**Instructions for the task**
Going line by line through the records below, write out everything starting with the line containing "Smirnova fashion new" and going on through the line containing "Women's Linen Printed", exactly and inclusively. Pictures do not go in.

**Data for this exercise**
● ● ● ● ● ● ●

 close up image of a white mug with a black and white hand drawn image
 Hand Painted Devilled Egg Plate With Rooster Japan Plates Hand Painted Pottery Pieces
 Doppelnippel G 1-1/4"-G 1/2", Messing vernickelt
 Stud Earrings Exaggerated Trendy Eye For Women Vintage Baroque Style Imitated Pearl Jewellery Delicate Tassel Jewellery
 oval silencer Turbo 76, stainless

● ● ● ● ● ● ●

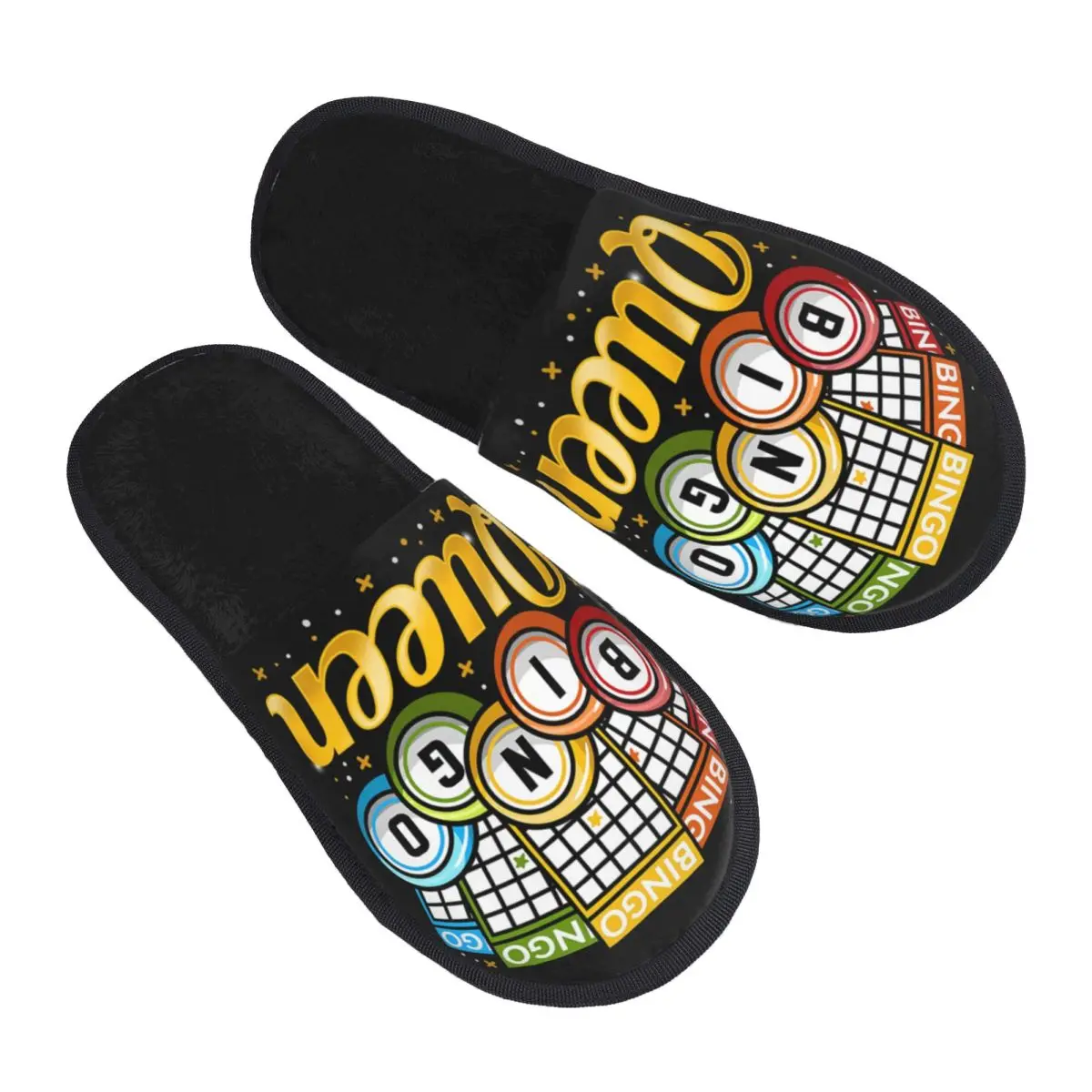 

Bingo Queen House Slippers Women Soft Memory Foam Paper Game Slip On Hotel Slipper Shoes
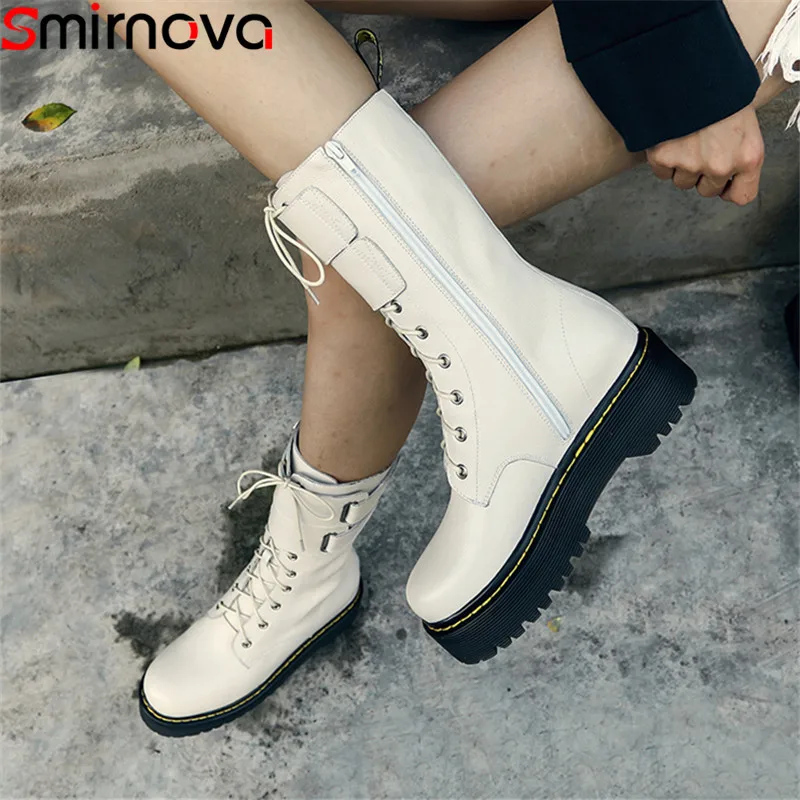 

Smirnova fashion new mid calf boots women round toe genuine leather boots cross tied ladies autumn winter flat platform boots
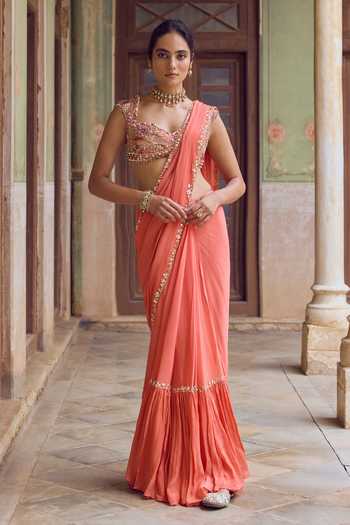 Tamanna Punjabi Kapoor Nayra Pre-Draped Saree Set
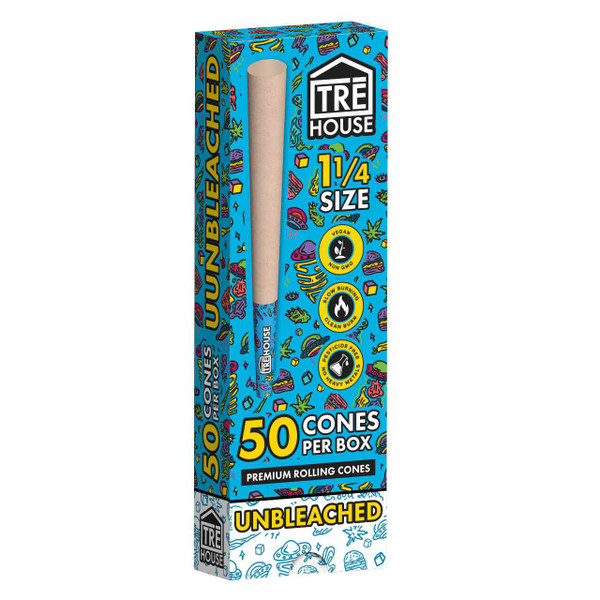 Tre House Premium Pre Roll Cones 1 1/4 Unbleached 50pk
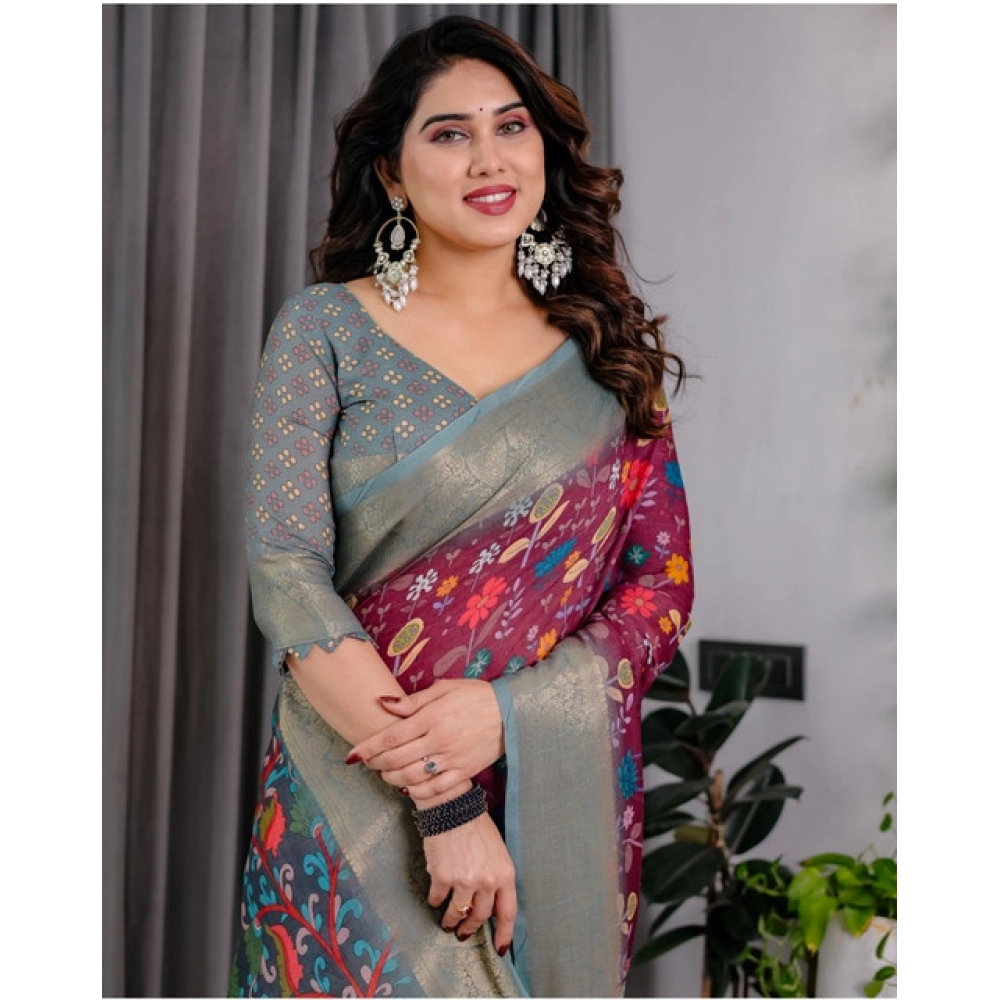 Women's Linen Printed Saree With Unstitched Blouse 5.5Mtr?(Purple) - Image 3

● ● ● ● ● ● ●

**Written solution**
Smirnova fashion new mid calf boots women round toe genuine leather boots cross tied ladies autumn winter flat platform boots
 Tamanna Punjabi Kapoor Nayra Pre-Draped Saree Set
 Tre House Premium Pre Roll Cones 1 1/4 Unbleached 50pk
 Women's Linen Printed Saree With Unstitched Blouse 5.5Mtr?(Purple) - Image 3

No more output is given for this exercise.